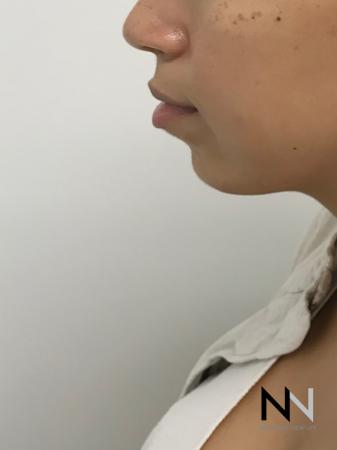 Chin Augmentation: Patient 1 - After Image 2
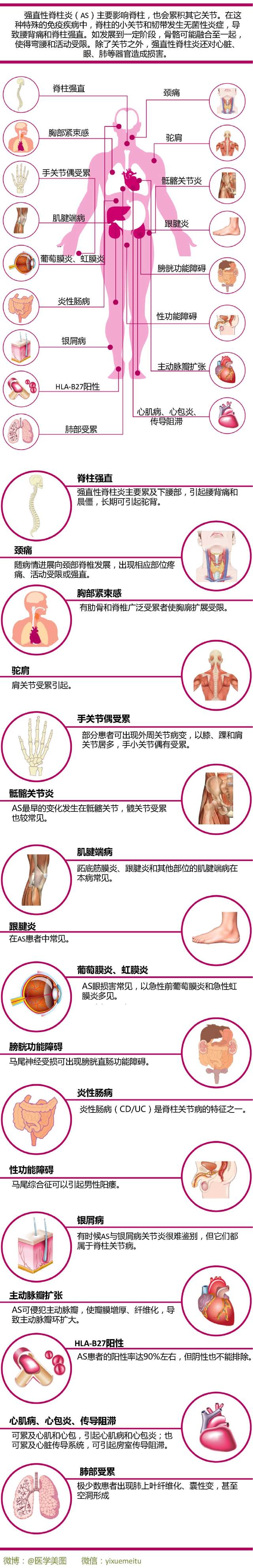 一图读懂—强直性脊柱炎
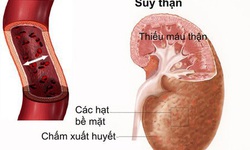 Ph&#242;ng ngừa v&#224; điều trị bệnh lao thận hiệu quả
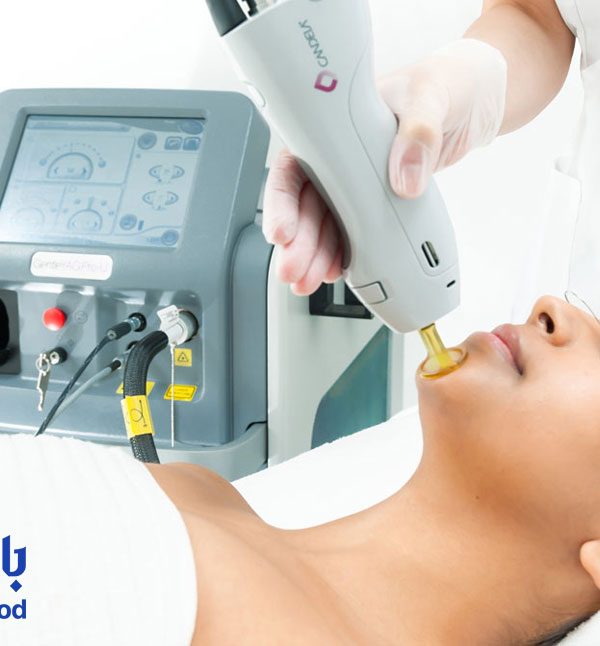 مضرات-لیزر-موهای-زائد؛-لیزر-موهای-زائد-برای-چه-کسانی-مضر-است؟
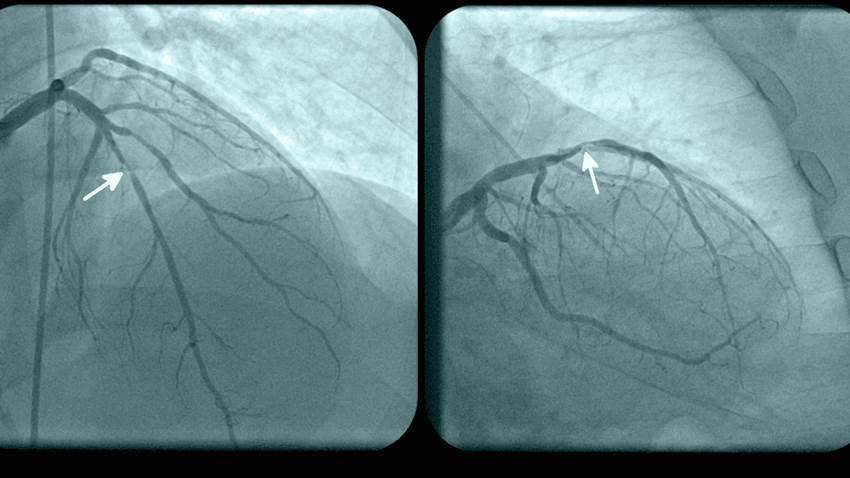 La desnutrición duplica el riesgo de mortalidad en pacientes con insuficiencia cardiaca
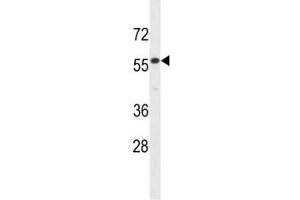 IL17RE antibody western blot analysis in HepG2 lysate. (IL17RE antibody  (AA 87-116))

...

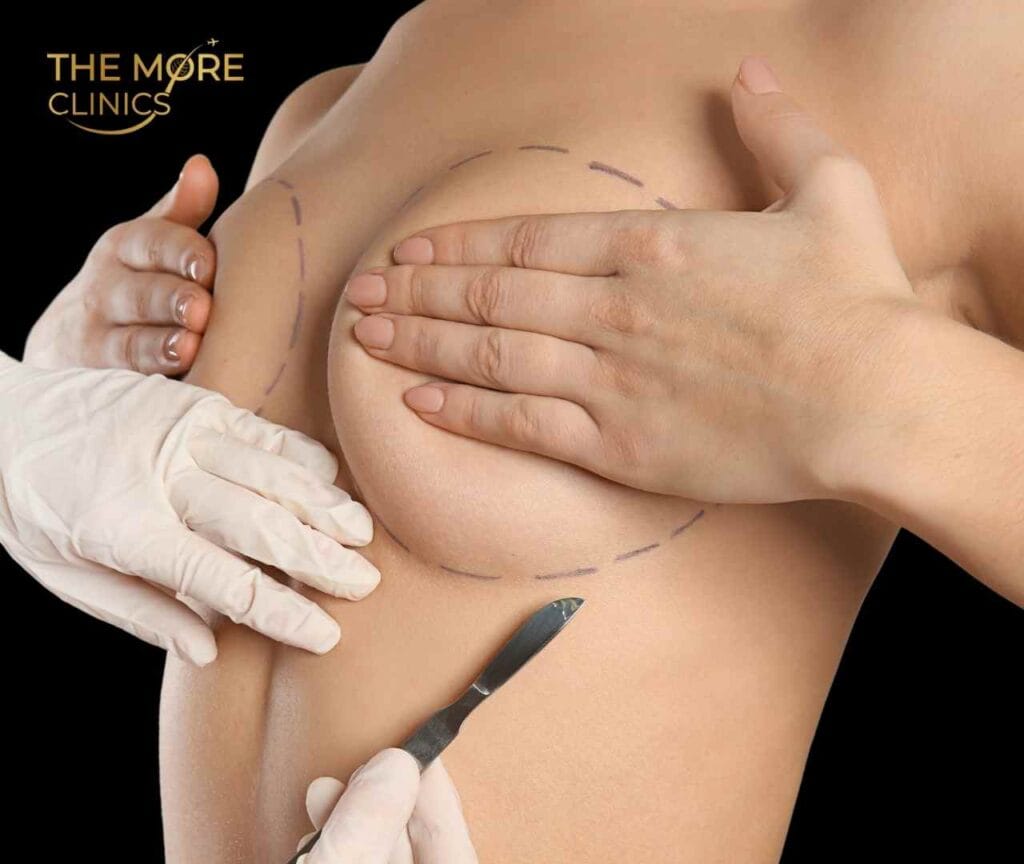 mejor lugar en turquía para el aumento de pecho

*Your objective*.
For the entries above, print exactly the lines between the one with "مضرات-لیزر-موه" and the one with "IL17RE antibody western", inclusive, with no pictures.

*Answer box*.
 مضرات-لیزر-موهای-زائد؛-لیزر-موهای-زائد-برای-چه-کسانی-مضر-است؟
 La desnutrición duplica el riesgo de mortalidad en pacientes con insuficiencia cardiaca
 IL17RE antibody western blot analysis in HepG2 lysate. (IL17RE antibody  (AA 87-116))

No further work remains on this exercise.